I’m Sitting in the Middle of It All
I’m sitting at my desk, surrounded by piles of my past—stuff, memories, grief, and ghosts.
Cameron died here.
This was his last home.
It was mine too—the place I escaped to.
The place I screamed into pillows and notebooks.
The place I built my healing lab from scratch.
This space held my silence and my rage. My breakdowns and breakthroughs.
This is where I found my voice.
My courage.
My truth.
And now it’s time to pack it all up.
Again.
This is the third dumpster. The third time I’ve downsized, purged, prepared for a fresh start.
But this time… there’s no plan.
No destination.
No next step waiting neatly on the other side.
Just me.
And the stuff.
The stuff I’ve avoided.
The Christmas decorations from a family that no longer exists.

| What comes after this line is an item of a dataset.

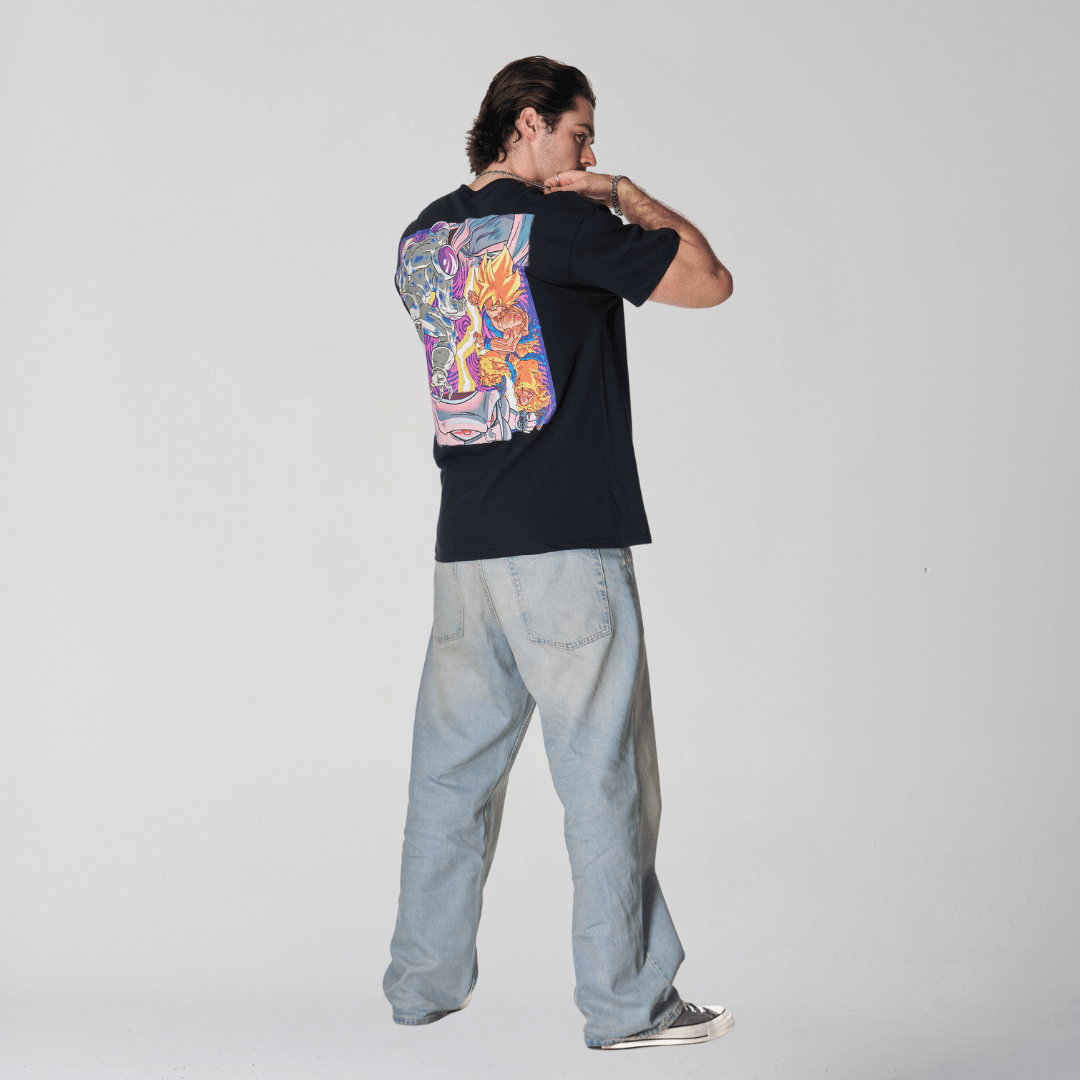 Goku The Legacy Tee-Teegamechanger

The vacuum from a life I no longer clean.
The Brian memorabilia I’ve never thrown away—because what do you even do with the evidence of a love that became war?
I look around and ask myself:
Is it just junk?
Or is every single thing a timestamp from my old timelines?
Mia’s moving out. Starting her life.
And I’m here, frozen in the rubble of mine, whispering goodbye to a chapter that made me who I am… and broke me in ways I’m still stitching up.
This place…
This place is sacred ground.
Not because it was beautiful.
But because I survived it.
And I’m not taking all of it with me.
Some of it will be burned.
Some of it will be donated, transformed, or tossed.
Some of it will live on in memory, in story, in art.
But all of it…
Every shred of it…
Will be honored.
Because it was real.
Because it mattered.
Because I’m finally ready to release the weight of who I had to be… and make room for who I really am.